The Hacks and Hackers Hackday filled a Channel 4 office with journalists and developers on the final Friday in January. Our aim was to tell new stories with open data. Attendees already had form - the BBC's Open Secrets blogger Martin Rosenbaum, and data journalism teams from the Times, the Guardian, and the FT. Tom Loosemore judged our attempts in his role as head of hosts 4iP, alongside My Society boss Tom Steinberg. They awarded the prize to my team's analysis of Tory candidates. But another project promised to shed light on public data in the UK.

 

Tom Morris was part of a team that looked into the quality of data.gov.uk. Although data.gov.uk advertises itself as a database of open datasets, many of the entries are actually PDF files. He built a prototype format checker that invites people to go through datasets and record the file format. You can listen to him explaining the checker to me and to the hackday, or reuse the interview under the BBC Backstage License.

 

In order to see this content you need to have both Javascript enabled and Flash installed.

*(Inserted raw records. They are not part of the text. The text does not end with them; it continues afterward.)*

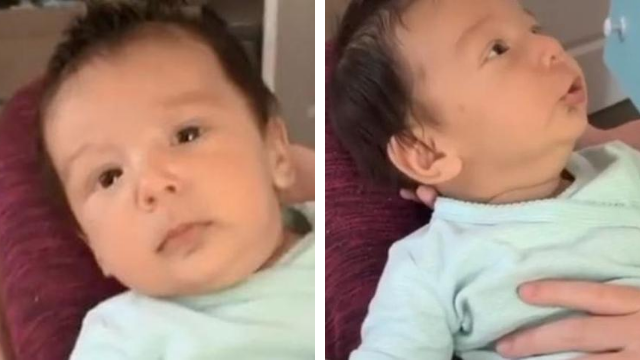 Increíble, pero viral: bebé de 10 semanas dice “te amo” | Virales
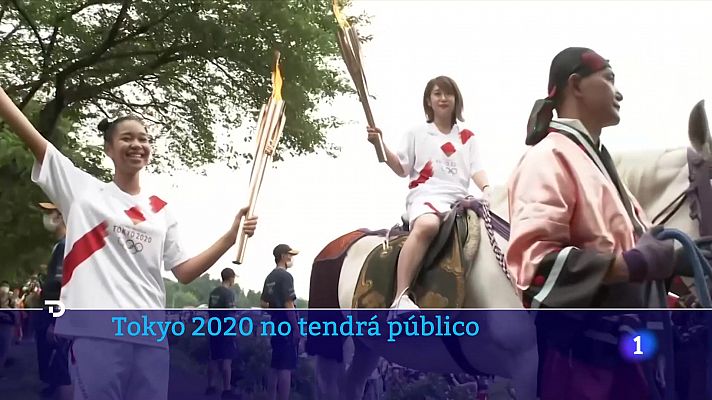Telediario 1 - Los Juegos de Tokio se celebrarán sin espectadores por el coronavirus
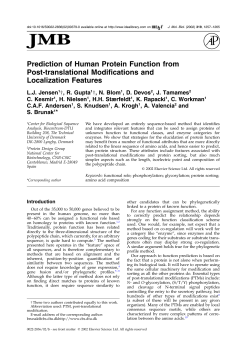 Prediction of Human Protein Function from Post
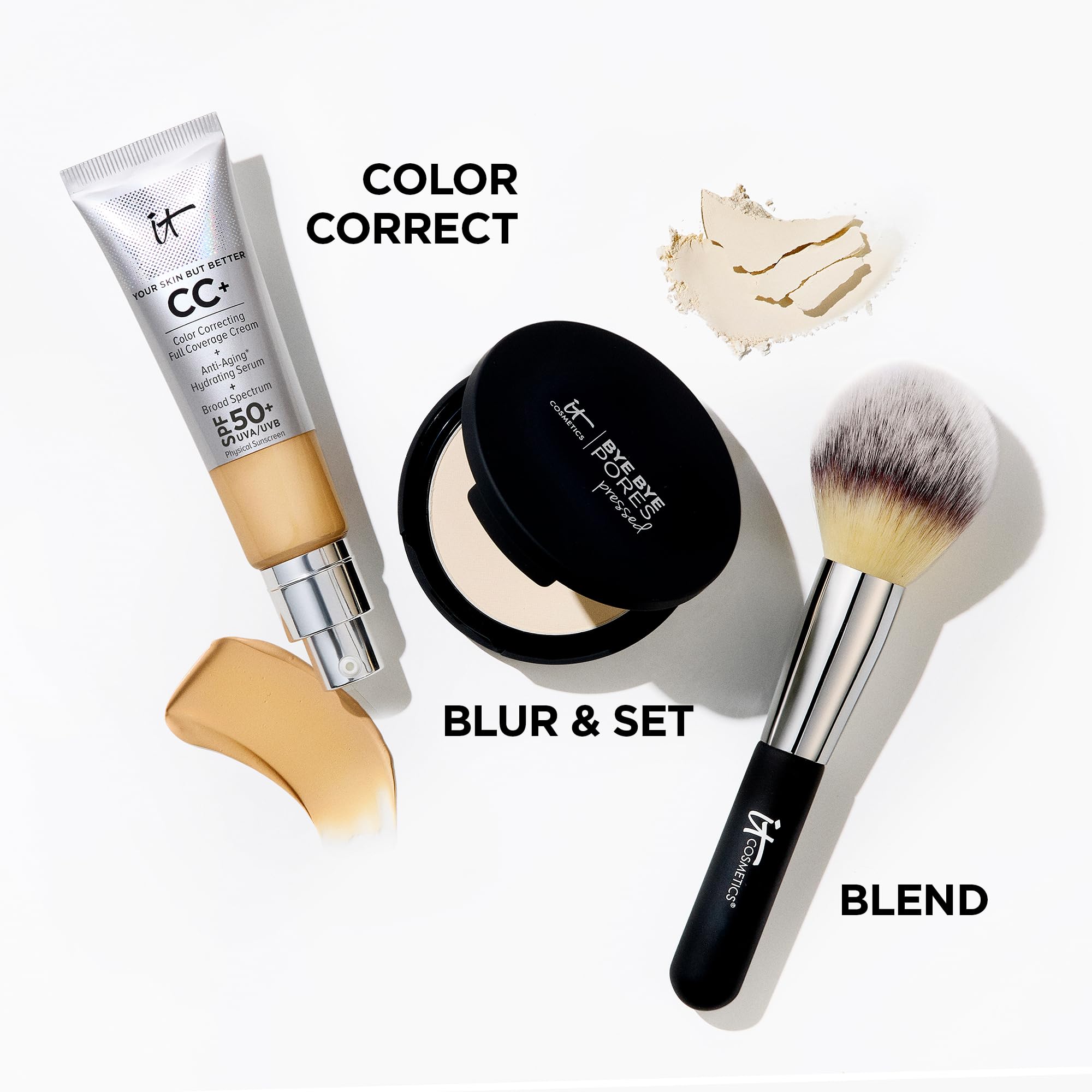 IT Cosmetics Bye Bye Pores Pressed Finishing Powder - Universal Translucent Shade - Contains Anti-Aging Peptides, Hydrolyzed Collagen & Antioxidants - 0.31 oz IT CosmeticsAu supplements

Visit BBC Webwise for full instructions. If you're reading via RSS, you'll need to visit the blog to access this content.

 

On Wednesday February 3rd, he put a completed quality checker online. On that Thursday, the crowd had gone through data.gov.uk and marked up all of the datasets.

 

Tom posted his initial breakdown to the data.gov.uk community on March 20th:

HTML -252
XML -5
Word - 4
RTF - 1
OpenOffice -1
Something odd - 85
JSON - 9
Nothing there! - 190
CSV - 12
Multiple formats - 1211
PDF - 468
RDF - 10
Excel - 408
TOTAL - 2656
Sadly, this is over-optimistic. I've manually checked some of the data that has been categorised as JSON and RDF. Most of it is not actually correctly categorised - either people clicked, say, 'RDF' when they meant to click 'PDF', or they have seen an RSS or Atom feed and categorised it as RDF. What this admittedly imperfect dataset is basically saying is that the vast majority of the 'data' on data.gov.uk is not actually machine-readable data but human-readable documents.

He will be at the Open Knowledge Conference this weekend, where he will speak about Citizendium and might do the analysis, which he told me was the most important part. When done, it will be very interesting indeed to read it.